Lompat ke konten Lompat ke sidebar Lompat ke footer

Widget HTML #1

Sayap Pipit yang Terluka (Cerpen)

RAHASIA INDAH
Melangkah bersamamu ibarat fatamorgana ditengah kehampaan mayapada. Angan –angan tentang keindahan, sosok tentang kepribadian justru mengambang dan aku ragu.
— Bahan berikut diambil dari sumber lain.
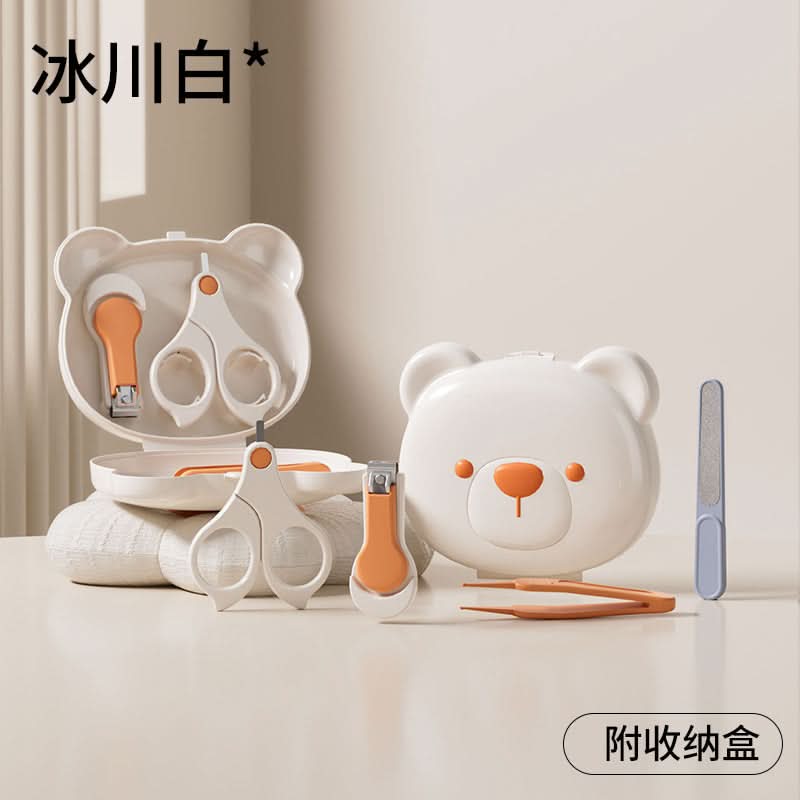 Baby Nail Clippers Set – Safe Infant Nail Care Kit with Scissors & File (4-piece pack)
“ Mas, aku ingin kau memahami segala yang kulakukan.Aku ingin kau mengerti posisi kita masing- masing.Janganlah kau tambah beban di hati ini “ pintaku dengan sangat ketika kalimat yang tak sepantasnya meluncur dari bibirmu.Kata –kata itu tak seharusnya kau ucapkan padaku, sahabatku sekaligaus teman dari suamiku.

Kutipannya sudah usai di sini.